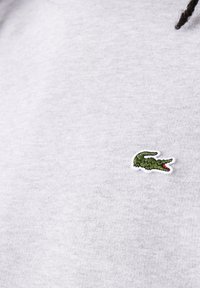 Grijze trui stof met een gestructureerd gevoel, voorzien van een klein groen geborduurd krokodil logo op de linkerkant van de borst.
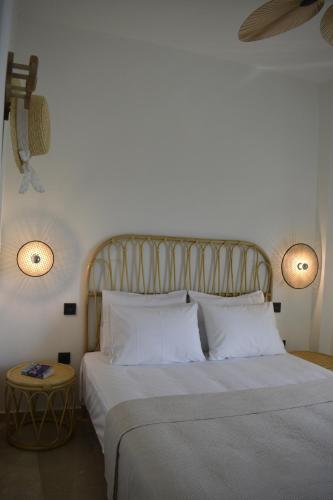 a bedroom with a large bed with white pillows at Kikkos Village House in Néa Koróni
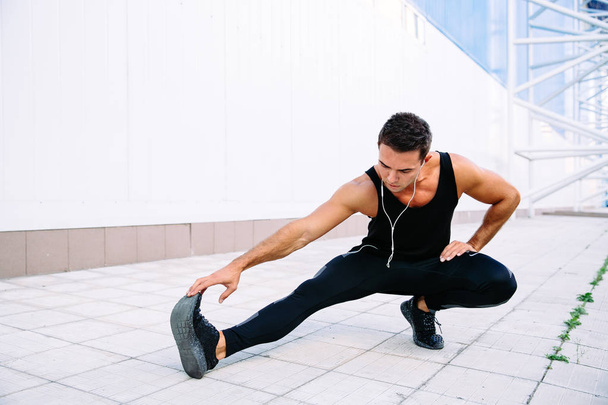 Sportive man stretching his body during workout outside - Zdjęcie, obraz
####
Action item: None of the pictures belong in the copy. Write out exactly the lines from the line that holds "a bedroom with" through the last line of the listing above, both ends included.

Reply to the task:
 a bedroom with a large bed with white pillows at Kikkos Village House in Néa Koróni
 Sportive man stretching his body during workout outside - Zdjęcie, obraz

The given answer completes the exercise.